Pandemias tem assolado a humanidade no decorrer dos séculos; a atual crise provocada pela COVID-19 é apenas mais uma da longa sequência de pestes que, periodicamente, nos atingem. O estudo desses episódios traz lições que continuam válidas atualmente e algumas tendências já podem ser observadas. Como sempre, a História é mestra.


Pandemias não são novidades para a humanidade. E o estudo das que já foram enfrentadas pode indicar perspectivas sobre o que está por vir. Iain King, em artigo para o CSIS (Center for Strategic and International Studies, Centro de Estudos Estratégicos e Internacionais – www.csis.org) lista ensinamentos que as pandemias já enfrentadas legaram ao presente. Da leitura das reflexões de King, selecionei cinco lições que a história nos apresenta para o momento atual.

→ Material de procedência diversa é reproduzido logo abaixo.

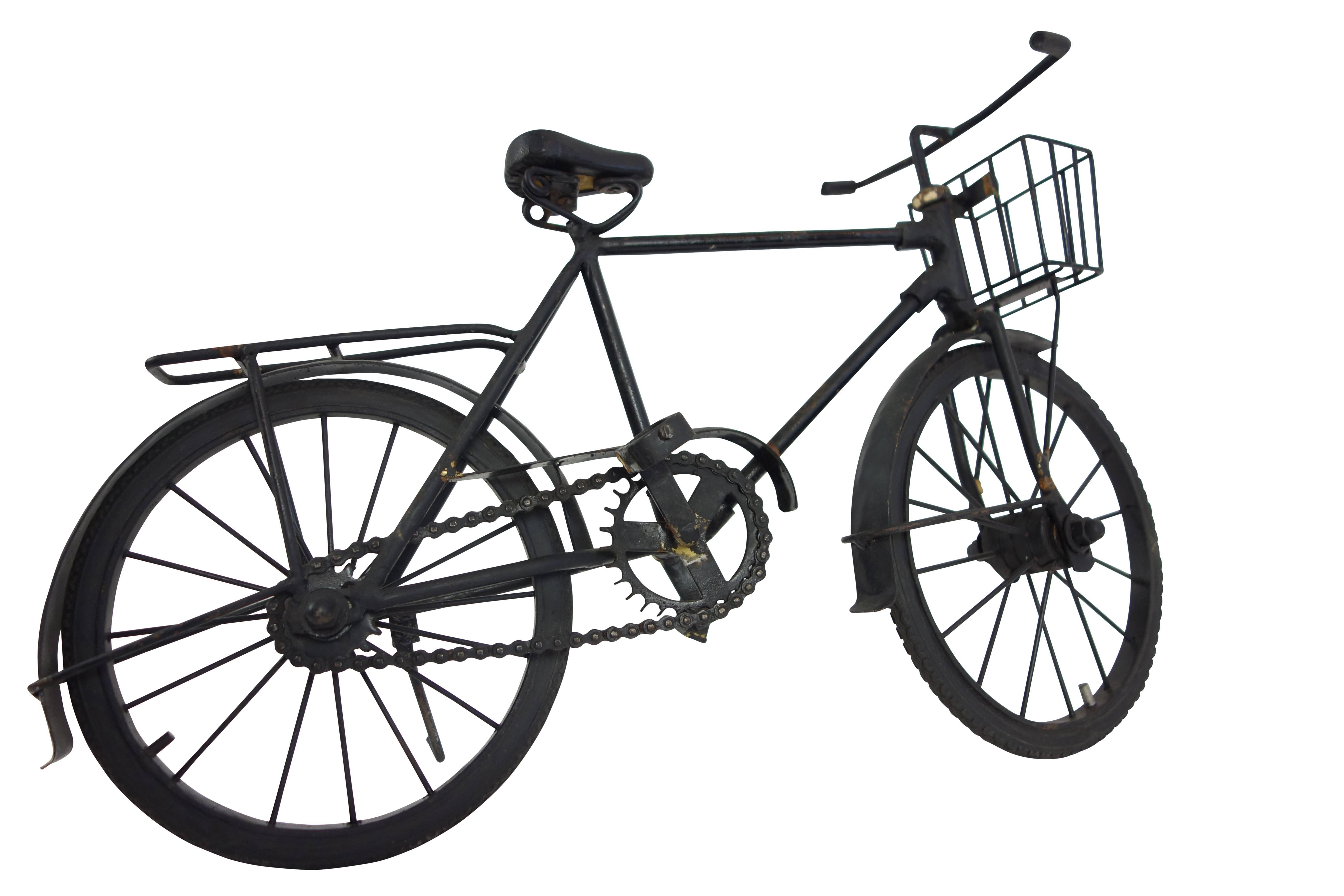 Folk Art Mini Bicycle For Sale 1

A primeira, no campo militar, aponta para uma tendência de paralização, ou redução, do impulso das campanhas militares em curso. Ele apresenta, como exemplo, a Guerra do Peloponeso, em 430 a.C., quando os atenienses foram infectados por uma peste. “Pessoas com boa saúde eram subitamente acometidas por fortes dores de cabeça, vermelhidão e inflamação nos olhos. Garganta e língua sangravam e exalavam um hálito artificial e fétido”. A descrição de Tucídides na magistral História da Guerra do Peloponeso mostra que a doença refreou o impulso ateniense, prolongando a guerra, que finalmente terminou vencida por Esparta. Outros exemplos seriam a epidemia que assolou a Rússia em 1771, obrigando a Imperatriz Catarina a diminuir a conscrição e negociar um acordo com a Prússia, com quem a Rússia disputava a posse da Polônia, e as epidemias que assolaram o Império Romano, refreando suas campanhas expansionistas.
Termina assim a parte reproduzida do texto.